Caption-style text data
= = = =

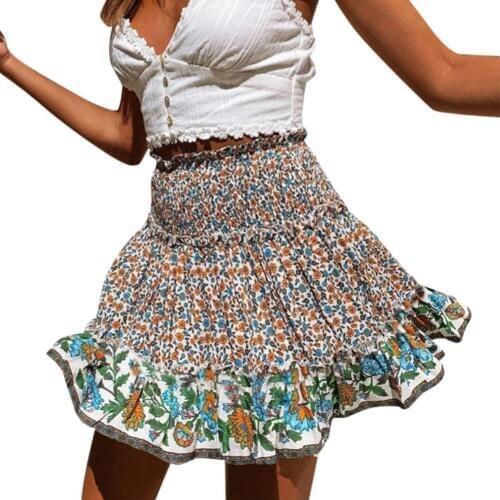 2020 New Womens Skirts Sexy Summer Ruffled Floral Print Elastic Tight High Waist Short Skirt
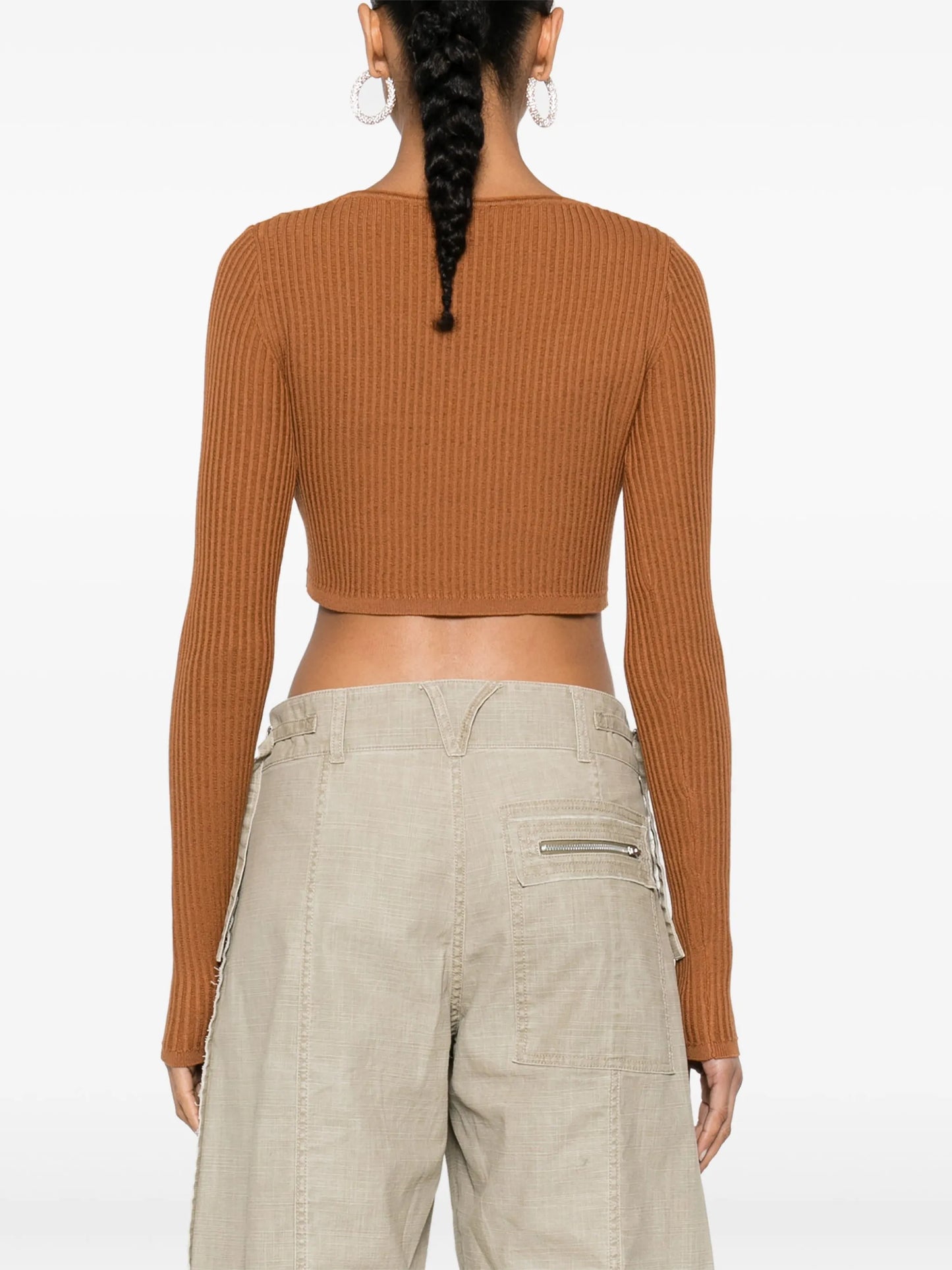 cropped ribbed-knit cardigan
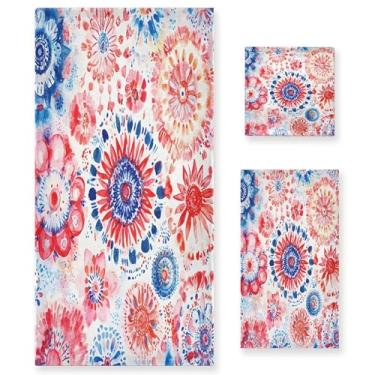 Imagem de xigua Conjunto de toalhas de banheiro boêmio em aquarela absorvente macio 3 peças toalha de banho toalha de mão toalhas decorativas para banheiro, academia, hotel, praia, piscina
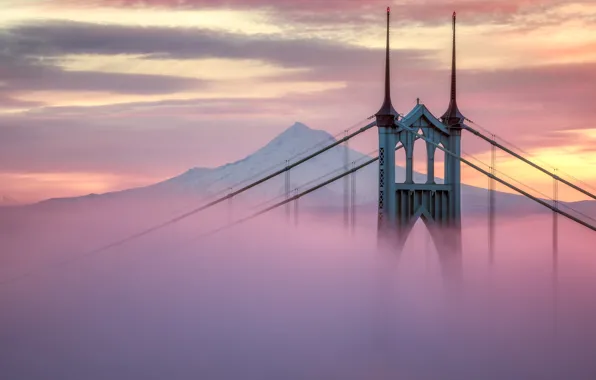 Picture city, USA, twilight, bridge, sunset, Portland, mountain, snow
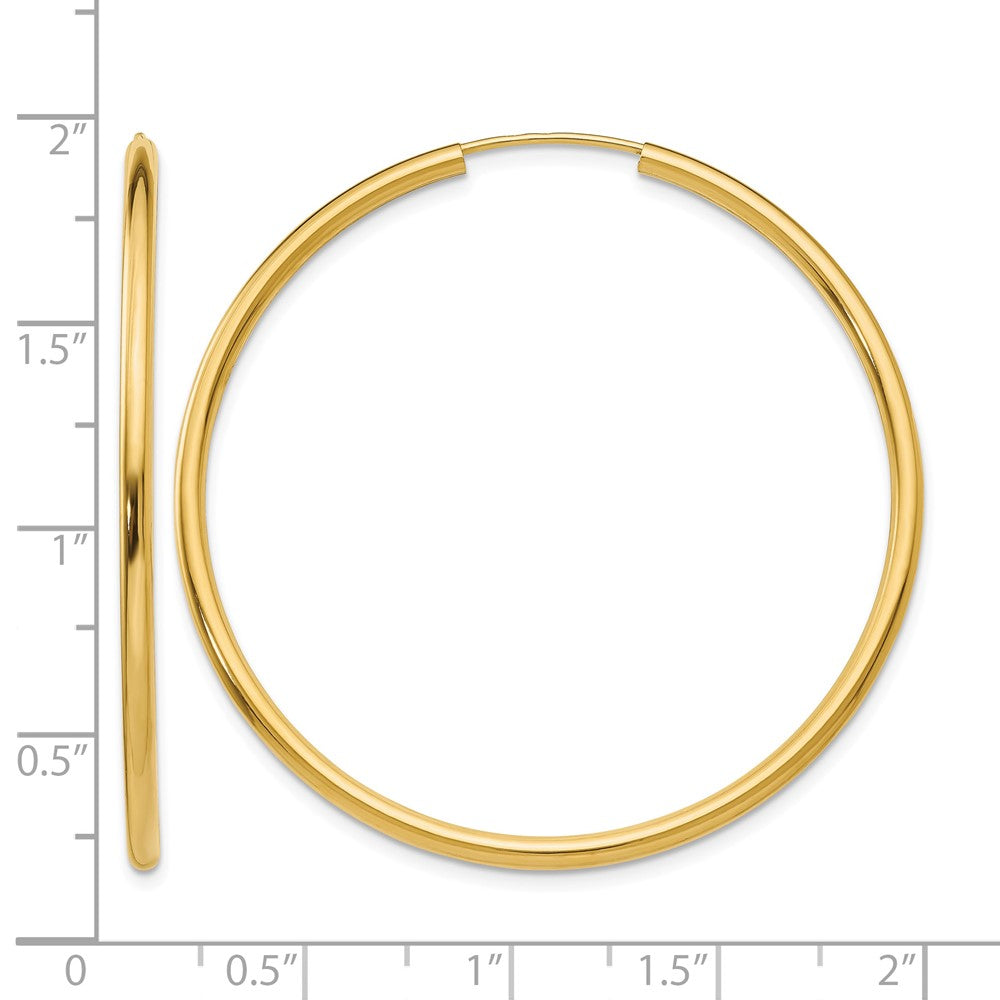14k Polished Round Endless 2mm Hoop Earrings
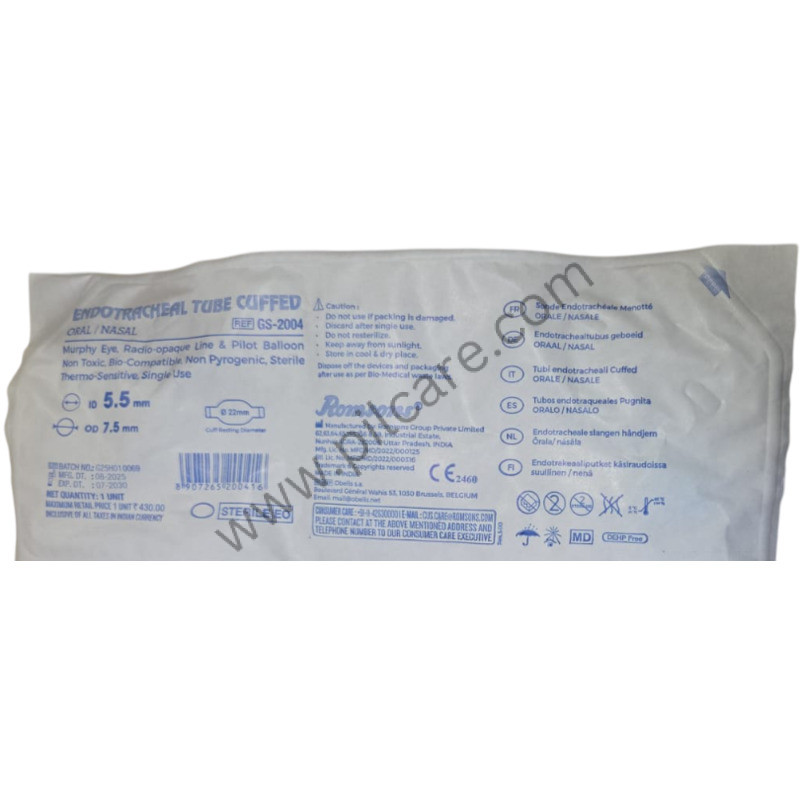 Romsons Endotracheal Tube Cuffed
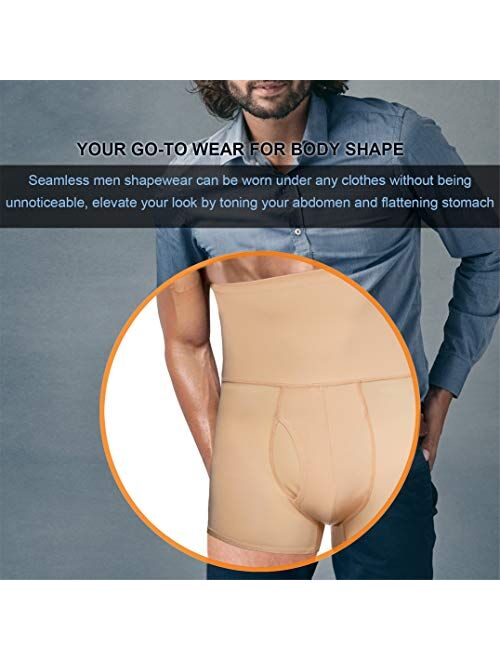 TAILONG Men Tummy Control Shorts High Waist Slimming Underwear Body Shaper Seamless Belly Girdle Boxer Briefs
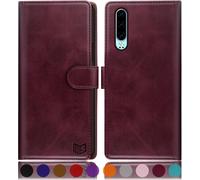 Case For Huawei P30 [Rfid Blocking] [Magnetic Protection] Card Slots Protection Premium Pu Leather Wallet Case Wine Red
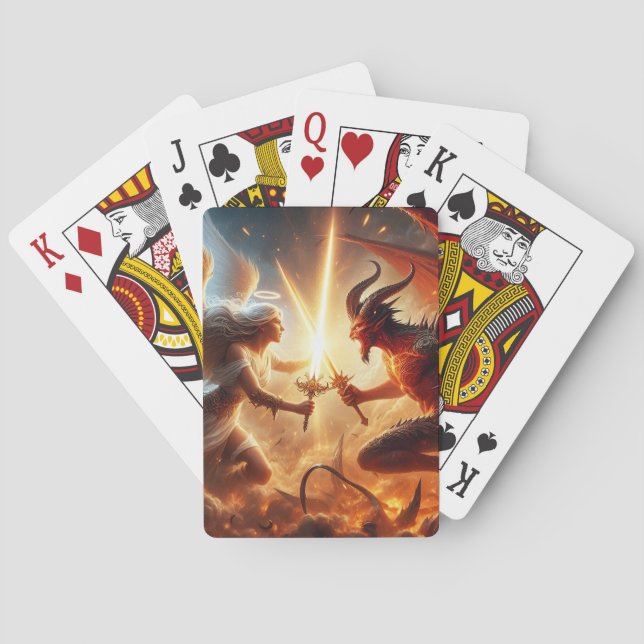 Baraja De Cartas Choque celeste: rojo y oro (Reverso)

= = = =

EXERCISE BRIEF: Return every line shown above without changing a word, and skip the pictures.

REPLY TO THE EXERCISE:
 2020 New Womens Skirts Sexy Summer Ruffled Floral Print Elastic Tight High Waist Short Skirt
 cropped ribbed-knit cardigan
 Imagem de xigua Conjunto de toalhas de banheiro boêmio em aquarela absorvente macio 3 peças toalha de banho toalha de mão toalhas decorativas para banheiro, academia, hotel, praia, piscina
 Picture city, USA, twilight, bridge, sunset, Portland, mountain, snow
14k Polished Round Endless 2mm Hoop Earrings
 Romsons Endotracheal Tube Cuffed
 TAILONG Men Tummy Control Shorts High Waist Slimming Underwear Body Shaper Seamless Belly Girdle Boxer Briefs
 Case For Huawei P30 [Rfid Blocking] [Magnetic Protection] Card Slots Protection Premium Pu Leather Wallet Case Wine Red
 Baraja De Cartas Choque celeste: rojo y oro (Reverso)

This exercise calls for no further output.